I always say I am surprised how quickly we get off a big climb and Aconcagua was no exception. It is Tuesday morning and I am writing this from my hotel room in Mendoza after standing on the summit on Saturday night.
I will write a full trip report and update my Aconcagua FAQs and picture gallery but here a quick synopsis of our summit day.
We planned on leaving camp between 2:00 and 5:00 AM on January 29th but the winds were just howling all night long. So our team of 11 stayed in the tents while IMG Senior Guide, Peter Anderson checked the conditions hourly. I heard a stove fire up to melt water around 4:00AM thus the sign that we were going that day.
The weather had been deteriorating over the past few days as we made carries and moves higher up Aconcagua’s slopes.

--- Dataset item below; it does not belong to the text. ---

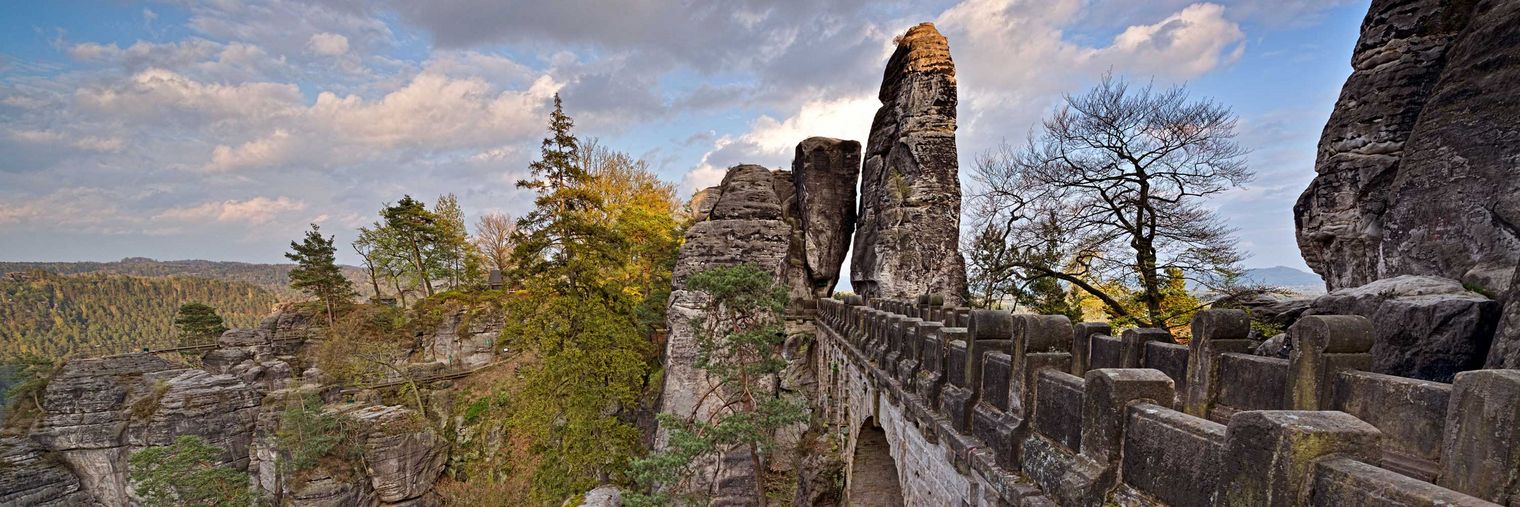 Brücke zwischen Felsen mit Bäumen und Wolken am Himmel, im Hintergrund das Felsentor Neurathen.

The forecasts were a bit disparate but we knew if we made our summit bid, it needed to be sooner rather than later.
The schedule had an acclimatization day factored in at the 19,500′ High Camp; but everyone was feeling well enough and if the mountain gives you a window – you take it.
So Peter made the call based on his experience on previous Aconcagua climbs, multiple Denali summits and years on Rainer. We left camp as a team at 5:30AM. He set a deliberate pace factoring in weather, schedule and overall team performance.

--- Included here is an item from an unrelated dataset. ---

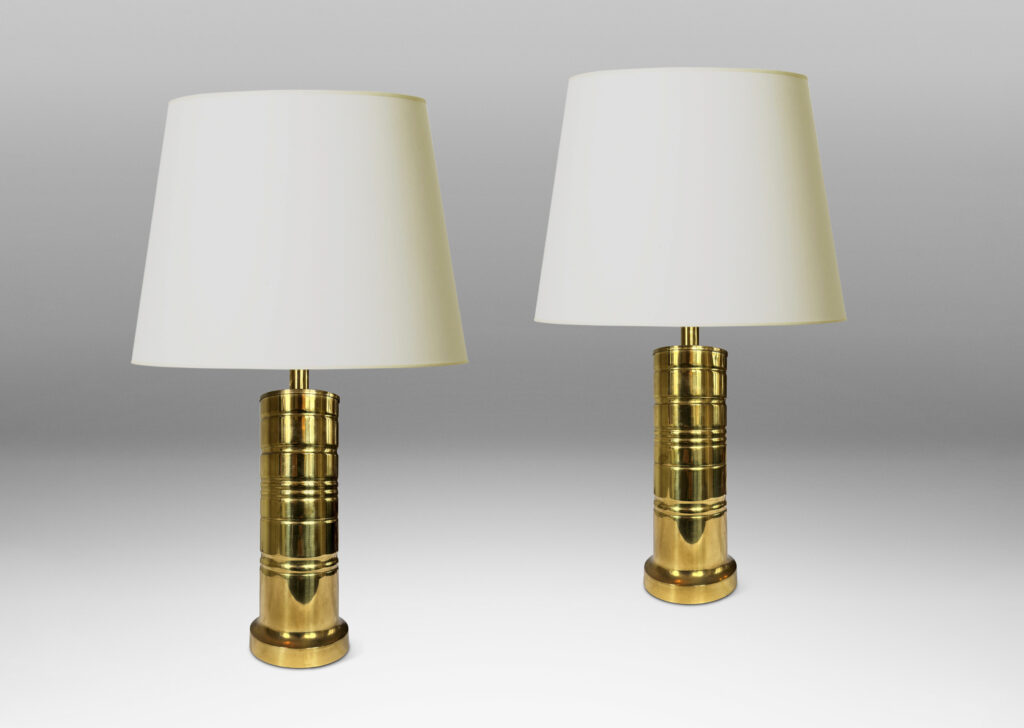 Gallery BAC cylindrical forms with articulated bases and embossed ring details; brass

It was cold, very cold – near 0F as we started. As we moved up towards the Canaleta, a semicircle of high rock walls leading to the summit, clouds began to form and soon the entire area was enclosed with near zero visibility. But pace, patience and perseverance paid off and soon we stood on the summit.

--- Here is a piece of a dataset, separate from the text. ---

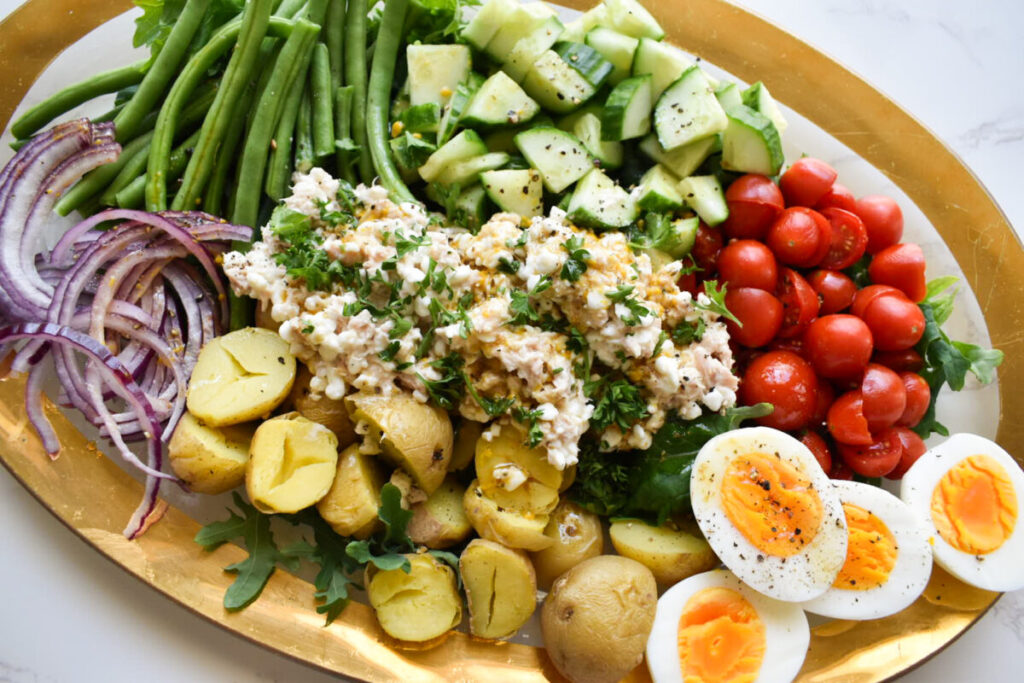 tuna and cottage cheese salad with veggies, eggs, and potatoes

A note here on Aconcagua summits. It is estimated it is a 30% success rate due to difficult weather and climbers underestimating the altitude effect on their bodies. So having our entire team of 11 or 100% success rate is rare for this huge Massif. A tribute to each individual, the leadership and the dynamics of the team itself.
We stayed on the summit for about 45 minutes and returned to High Camp in a swift 2.5 hours.
OK, that’s about all for now as I have to pack to get to the airport to return home to celebrate my wife’s birthday, albeit a day late. Here are a few images from summit day.
Thank you everyone for all your support on this second of the 7 Summits Climb for Alzheimer’s: Memories are Everything.